‘Non-theist’ very different from ‘atheist’

A minister who’s an atheist? Words do matter, argues Ian Harris.

Eyebrows shot up when a minister visiting from Canada described herself on radio last month as "an atheist". Those of little or no religion and churchgoers alike wondered how anyone could be both at once. Is there dry water? Hot ice? How could a minister of the United Church of Canada, an amalgam of Presbyterians, Methodists and Congregationalists, be an atheist?

That’s no problem for the Rev Gretta Vosper. She doesn’t hold to the understanding of God as an all-powerful, all-knowing, all-loving and all-wise supernatural being who intervenes in the world to sway events.
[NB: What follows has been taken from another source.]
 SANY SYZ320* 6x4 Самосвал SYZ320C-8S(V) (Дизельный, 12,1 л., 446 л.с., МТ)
Hence the label "atheist".

For a minister who places great emphasis on effective communication, however, this does seem unduly puzzling. It cannot help but distance her from Christians who don’t go along with her new perspective, while doing little to persuade atheists she truly shares their outlook — she wants to remain, after all, a United Church minister.
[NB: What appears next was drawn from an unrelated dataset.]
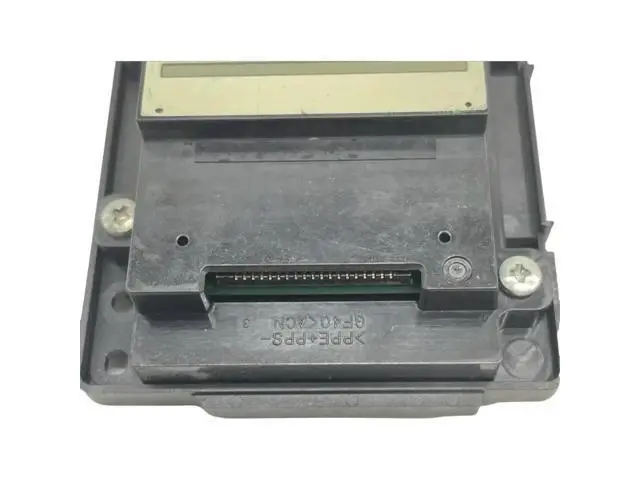 Alt view image 3 of 4 - F166000 Printhead Fit For Work For ce WF-3730 WF-3620 WF-3721 WF-3725 WF-3640 WF-3720 WF-3621 WF-3641 L1455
Whether that will happen is an open question. In September a church panel probed her views and concluded she was "not suitable to continue in ordained ministry". That has been challenged. A formal hearing will follow.

Meanwhile,  Ms Vosper and her Toronto congregation plan to initiate a new, overtly secular community in another part of town. It will centre on a distillation of Christian values and virtues, but will be stripped of all Christian terminology. Ms Vosper says that’s because the language of faith works to exclude people who are not already well versed in it. She hopes that identifying as an atheist will help build new-style communities for those beyond the church. Ms Vosper is not alone in moving beyond theism. Many ministers and more lay folk have done the same. But they would probably describe themselves as "non-theist" rather than "atheist", leaving the way open to conceive of God in other ways.
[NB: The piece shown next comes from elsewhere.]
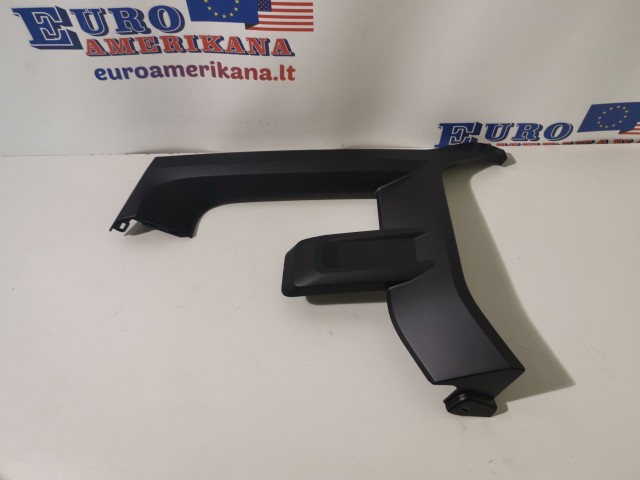Trim Molding (Left)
"Atheist" slams the door shut on that.

The distinction is crucial. For centuries the gods, then God, were central to people’s understanding of the way the physical world functions. God’s presence and power explained everything. In most religions and for atheists, that’s what "God" still means.

For many Christians, however, that theistic concept has withered on the vine, though it is still integral to worship in most churches. They live without that God (which is what the word a-theist  actually means). They realise, however, that every notion of God is generated and belongs not within the hard-edged physical world, but within the world of human thought.

Any concept of God worthy of the name then becomes a supreme achievement of human creativity. English novelist Iris Murdoch summed this up neatly when she wrote: "God does not and cannot exist" (that is, as a separate, objective being).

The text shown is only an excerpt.